Леголас покинул палатку временного госпиталя со смешанным чувством: с одной стороны, он был очень рад, что сумел сопроводить Тауриэль до входа так, что ни один рыжий волосок не упал с её очаровательной головы. И ни один тёмно-русый волос не упал (кроме тех, что упали до этого) с головы её возлюбленного, которого Тауриэль донесла до лекарей на руках. С другой стороны, эльфийского принца беспокоило и расстраивало, что два смертных гнома находятся на пороге этой самой смерти. В Лихолесье не было принято особенно расстраиваться о гибели короткоживущих народов, тем более – только возможной пока гибели, однако сейчас Леголас испытывал острое чувство противоречия: и Торина, и Кили, как бы странно это ни звучало даже в форме мысли, было очень жаль.
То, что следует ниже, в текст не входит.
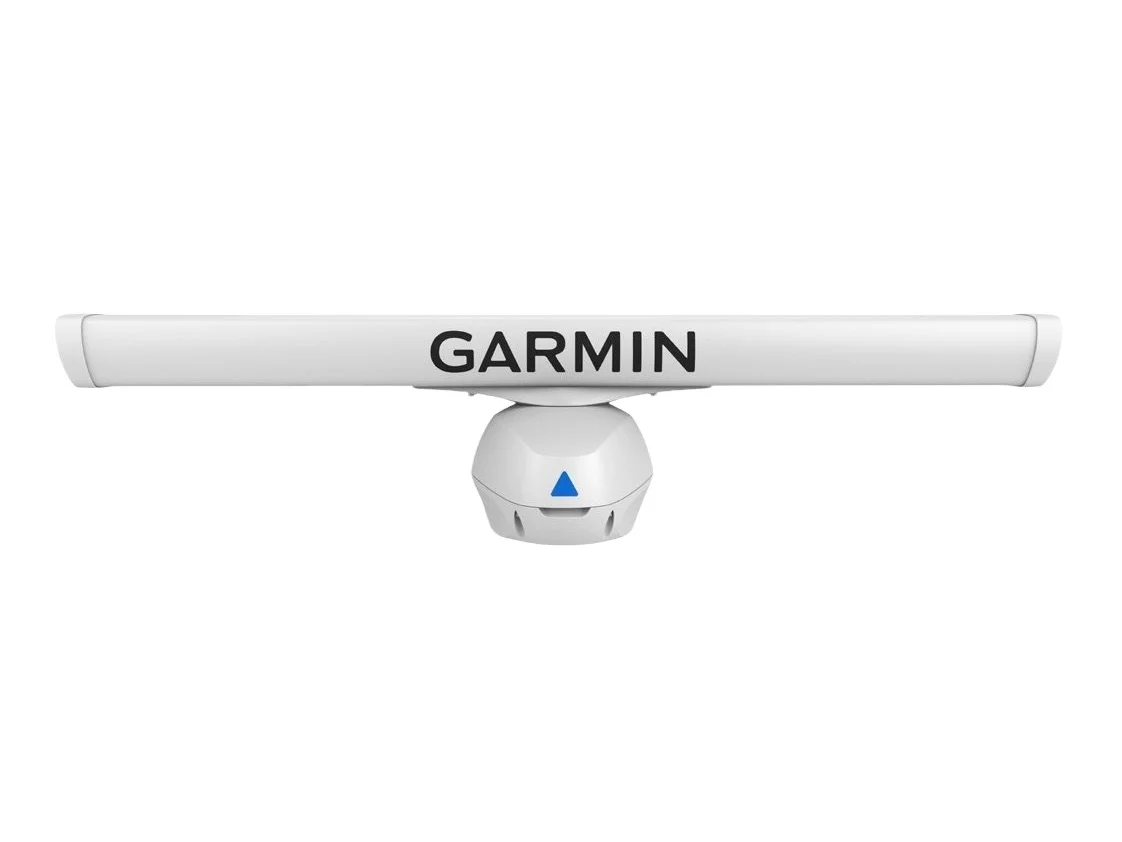 Radar GMR Fantom 256 de antena de 6 pies alcance máximo de 96 Millas Náuticas K10-00012-22 - GARMIN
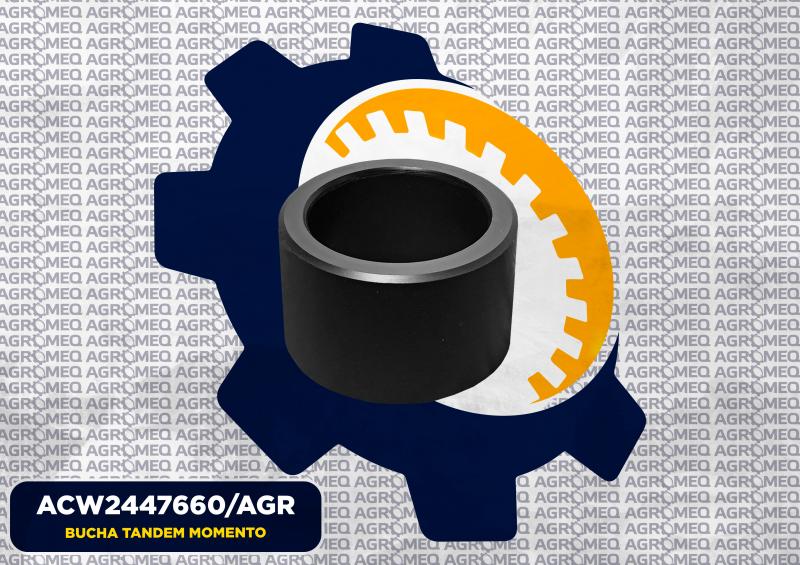 BUCHA TANDEM MOMENTO ACW2447660/AGR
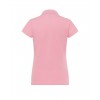 Polo damskie POPL 200 PINK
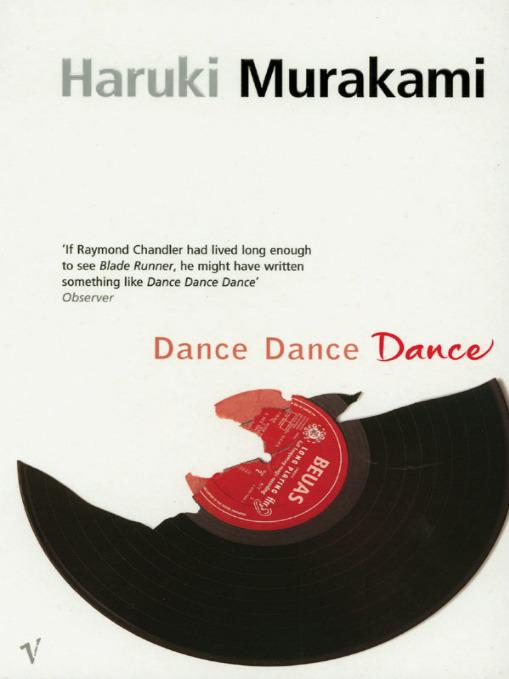 descargar libro Dance Dance Dance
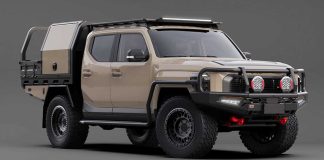 Kia-Tasman-todoterreno-ARB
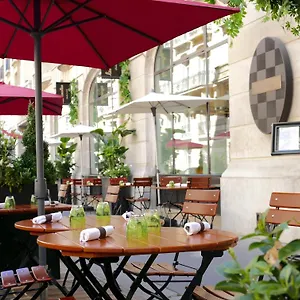 Sofitel Arc De Triomphe Париж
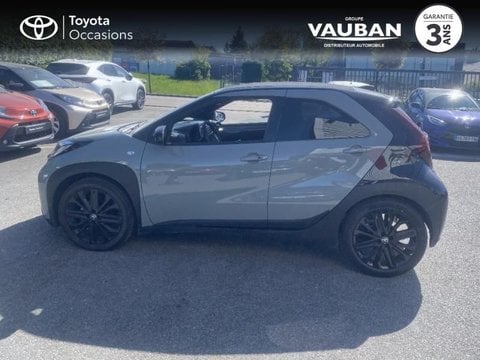 Voitures D'occasion À Chambourcy | Toyota Aygo X 1.0 Vvt-I 72Ch Air Collection S-Cvt My24
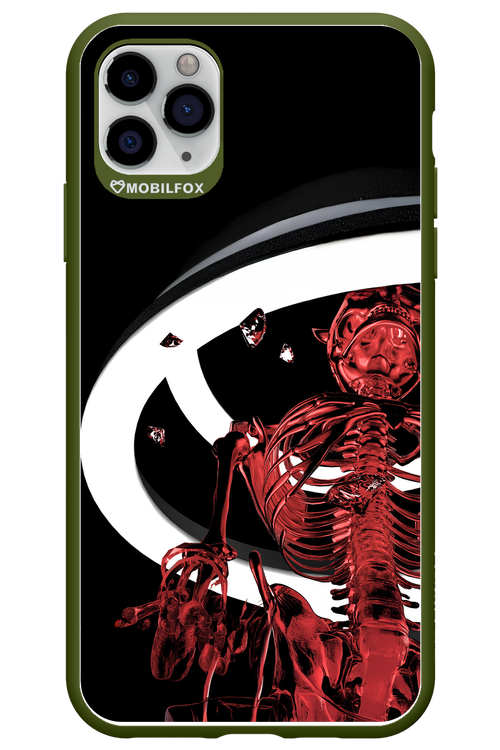 RMN Skeleton - Apple iPhone 11 Pro Max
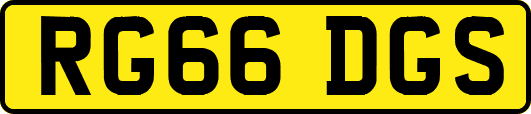 RG66DGS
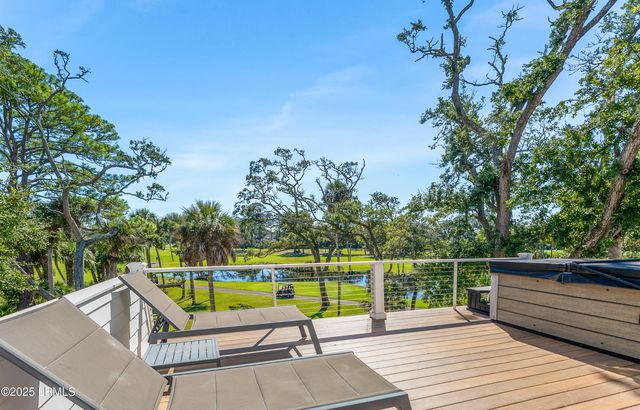181 Davis Love Drive, Fripp Island, SC 29920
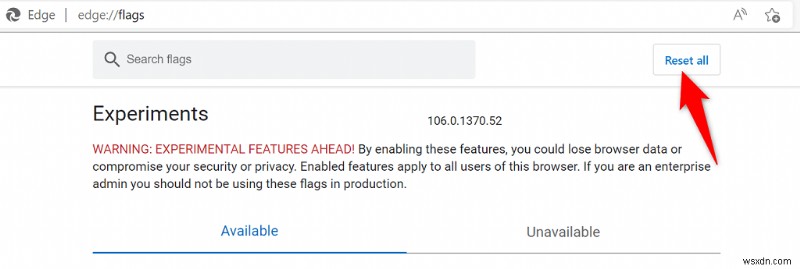 Chrome और Edge में  status_breakpoint  त्रुटि का समाधान करें:चरण-दर-चरण सुधार 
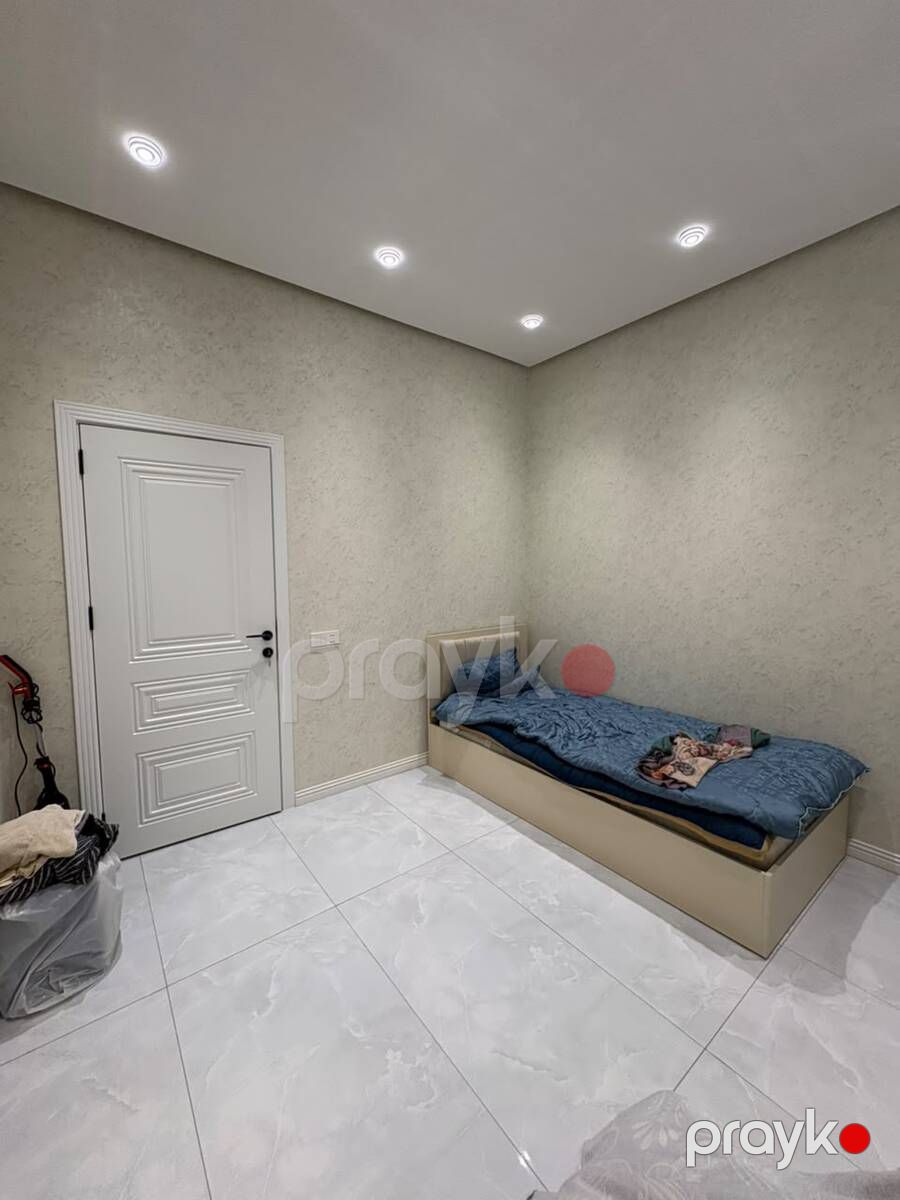 İcarəyə verilir 3 otaqlı yeni tikili 85 m² — Mənzil, Bakı (11)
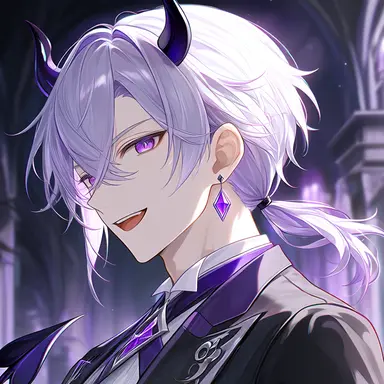 Profile image of Felix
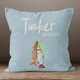 thumbnail image 4 of Juego de cuna infantil Fishing Time Starter Bedding Set, 4 of 5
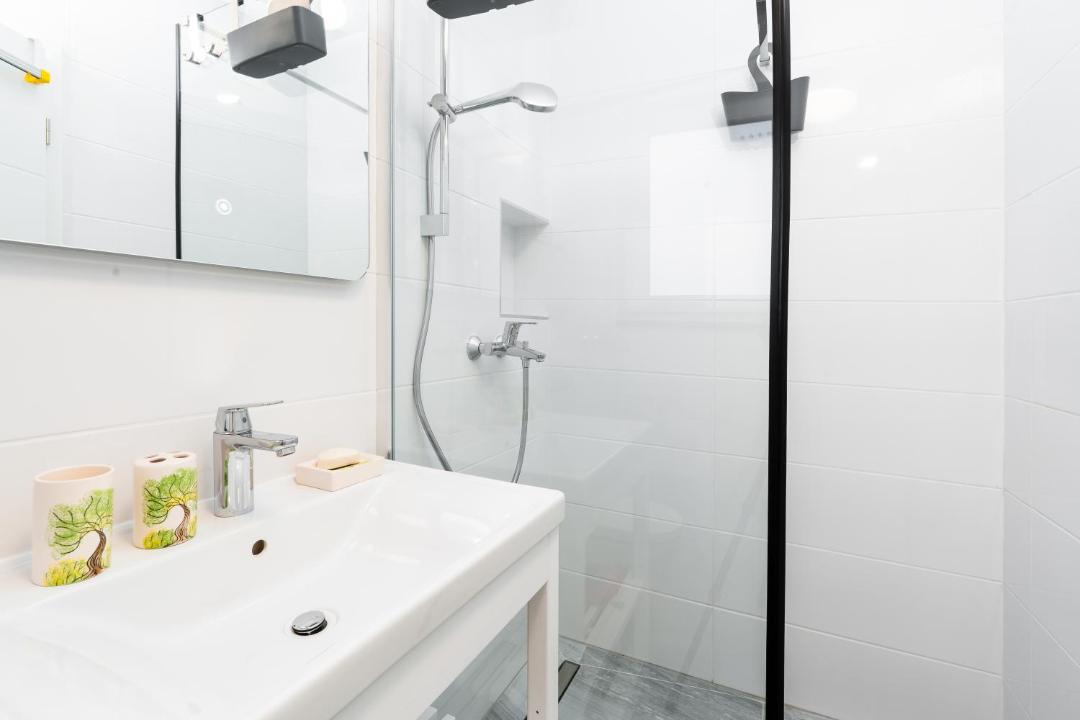 Photo of Bathroom in Novigrad
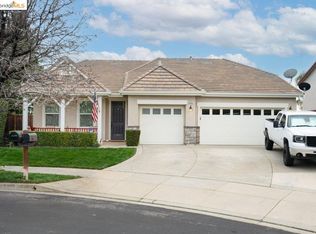 2904 Mesa Oak Ct, Brentwood, CA 94513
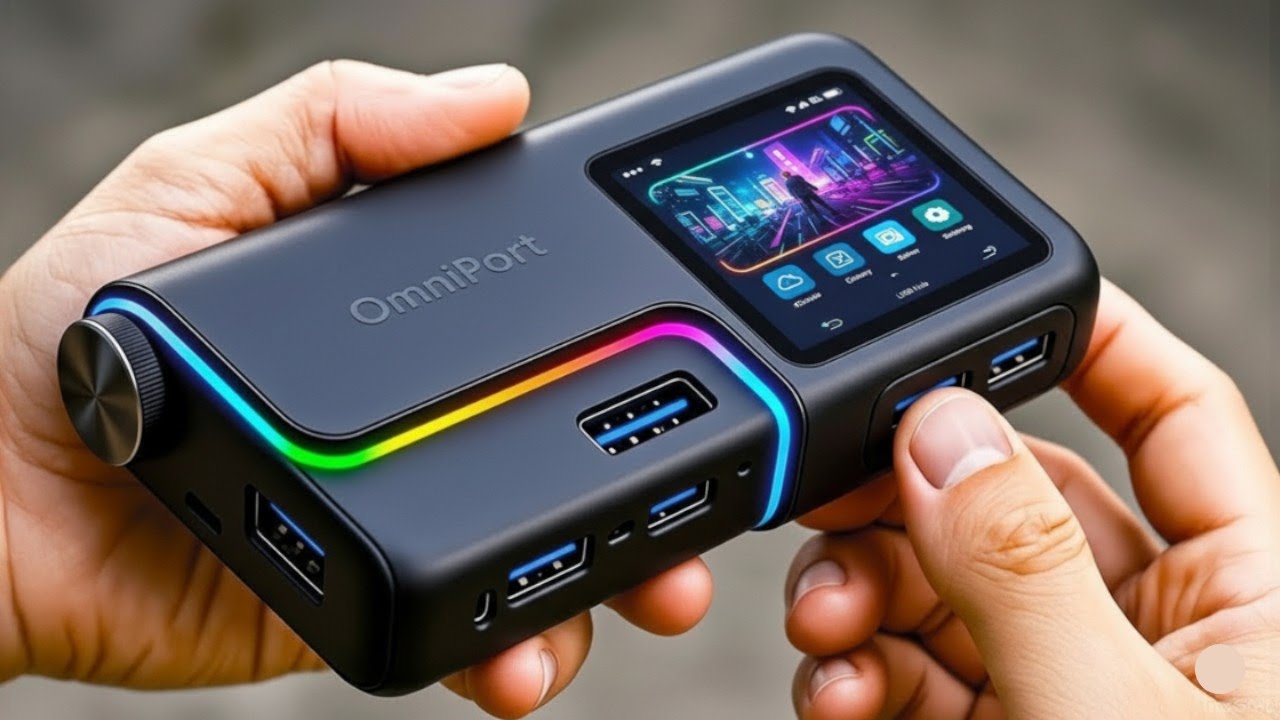 30 New Coolest Amazon Gadgets You’ll Instantly Want in this 2026 (with Prices)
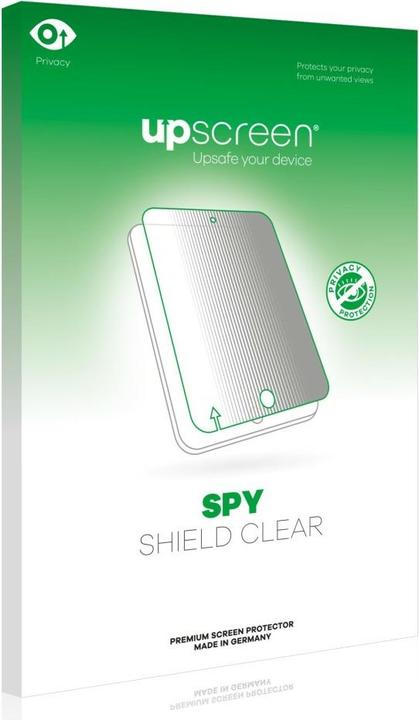 Produktbild upscreen Spy Shield Blickschutzfolie (12.10", 4 : 3)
Принц отряхнул короткие клинки от орочьей крови, спрятал их в ножны, достал лук, огляделся, определяя, куда бы ему отправиться с подмогой, увидел заметного на своем любимом ездовом животном отца и легко побежал в ту сторону, поначалу выбивая орков стрелами, а потом прореживая их массу опять с помощью клинков. Однако мысли сына Трандуила пока не поспели за его легкими ногами и оставались там, на закрытой площадке за отрогом, где были спешно поставлены палатки временного госпиталя. И оставались они там, потому что Леголасу очень хотелось разобраться в причинах происходящего.